Draghi ha svelato i contorni del suo lavoro, che sarà presentato alla fine di giugno, durante la conferenza sul pilastro europeo dei diritti sociali in corso a La Hulpe, poco fuori Bruxelles. Nel corso del suo intervento ha puntato il dito contro «la mancanza di strategia industriale» a livello europeo per colmare il divario con i principali competitor, Cina e Stati Uniti su tutti. Ha sottolineato che «il mondo sta cambiando rapidamente», alcuni attori globali «non rispettano più le regole» e tutto questo «ci ha preso di sorpresa».

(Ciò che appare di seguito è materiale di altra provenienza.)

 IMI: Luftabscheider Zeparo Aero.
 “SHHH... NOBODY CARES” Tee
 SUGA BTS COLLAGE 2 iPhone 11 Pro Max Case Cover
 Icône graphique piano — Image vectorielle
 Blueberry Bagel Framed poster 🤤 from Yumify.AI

L’ex numero uno della Bce ha portato ad esempio una serie di elementi che dimostrano la debolezza europea dovuta alla sua eccessiva frammentazione, ricordando per esempio che nel mercato delle telecomunicazioni esistono 34 operatori nazionali, mentre gli Usa ne hanno tre e la Cina quattro. Una caratteristica che non consente di fare progressi per esempio nel campo del 5G. Tutto questo perché l’Ue «non ha mai avuto la possibilità di stipulare un patto industriale equivalente a quello degli Stati Uniti», i quali da un lato «stanno utilizzando una politica industriale su larga scala per attrarre capacità manifatturiere nazionali di alto valore all’interno dei suoi confini, compresa quella delle aziende europee» e dall’altro hanno adottato misure protezionistiche «per escludere i concorrenti e sfruttare il proprio potere geopolitico per riorientare e proteggere le catene di approvvigionamento».

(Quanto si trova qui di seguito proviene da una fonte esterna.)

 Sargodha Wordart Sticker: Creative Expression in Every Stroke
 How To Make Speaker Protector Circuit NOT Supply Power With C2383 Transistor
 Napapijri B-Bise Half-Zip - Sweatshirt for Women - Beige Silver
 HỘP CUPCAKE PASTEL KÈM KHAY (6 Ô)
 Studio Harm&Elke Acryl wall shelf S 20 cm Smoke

Al tempo stesso c’è il tema degli oneri amministrativi «che minacciano direttamente la capacità delle aziende europee di competere: senza azioni politiche studiate e coordinate, è logico che alcune nostre industrie spegneranno le loro capacità e delocalizzeranno fuori dall’Ue». Così come quello dei vincoli legati alla transizione ecologica: «Abbiamo giustamente un’agenda climatica ambiziosa in Europa, con target rigidi per i mezzi elettrici. Ma in un mondo in cui i nostri rivali controllano molte delle risorse che ci servono, quest’agenda dev’essere combinata con un piano per garantire la nostra catena di approvvigionamento, dai minerali critici, alle batterie, alle infrastrutture di ricarica».

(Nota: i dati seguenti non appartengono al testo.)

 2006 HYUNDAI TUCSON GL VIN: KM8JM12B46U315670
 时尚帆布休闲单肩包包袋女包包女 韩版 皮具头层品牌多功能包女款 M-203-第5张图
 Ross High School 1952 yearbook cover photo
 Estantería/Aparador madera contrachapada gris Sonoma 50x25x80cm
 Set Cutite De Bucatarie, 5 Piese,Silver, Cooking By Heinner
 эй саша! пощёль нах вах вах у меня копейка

C’è poi il problema degli investimenti («Noi investiamo meno di Stati Uniti e Cina nel digitale e nelle tecnologie avanzate, compresa la Difesa»). E qui l’ex premier ha ribadito la necessità di fare nuovo debito comune, ma ha ricordato che non basterà perché servono anche enormi risorse private. In Europa «ci sono molti risparmi», ma la mancanza di un mercato unico dei capitali fa sì che questi vengano «per lo più incanalati in depositi bancari e non finiscano per finanziare la crescita». Si è dunque unito al coro di chi chiede di finalizzare al più presto l’unione dei mercati di capitali e ha appoggiato la richiesta francese di procedere con un’integrazione tra i Paesi volontari. Pur sottolineando che «di regola l’Unione europea dovrebbe muoversi insieme, possibilmente sempre». Perché «non possiamo ripristinare la nostra competitività muovendoci da soli o gareggiando a vicenda», ma bisogna «agire come Unione europea come non abbiamo mai fatto prima».